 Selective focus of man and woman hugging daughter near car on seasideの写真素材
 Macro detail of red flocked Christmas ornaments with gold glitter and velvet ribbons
...
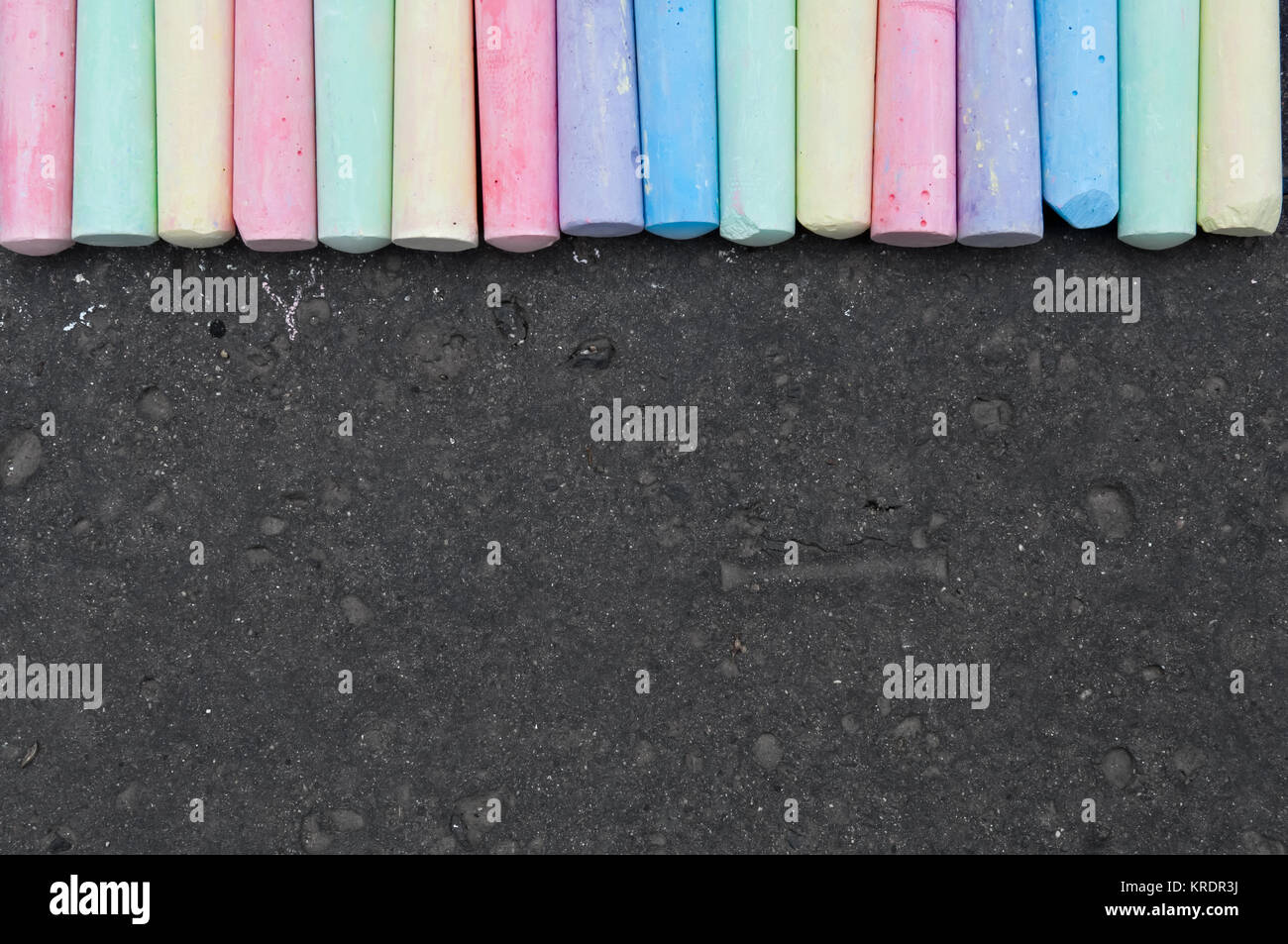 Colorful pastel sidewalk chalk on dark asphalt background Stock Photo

** TASK DESCRIPTION **
What are the lines, exactly as written above, from the line with "Selective focus of" to the line with "Macro detail of", both included? Output only those.

** ANSWER SECTION **
 Selective focus of man and woman hugging daughter near car on seasideの写真素材
 Macro detail of red flocked Christmas ornaments with gold glitter and velvet ribbons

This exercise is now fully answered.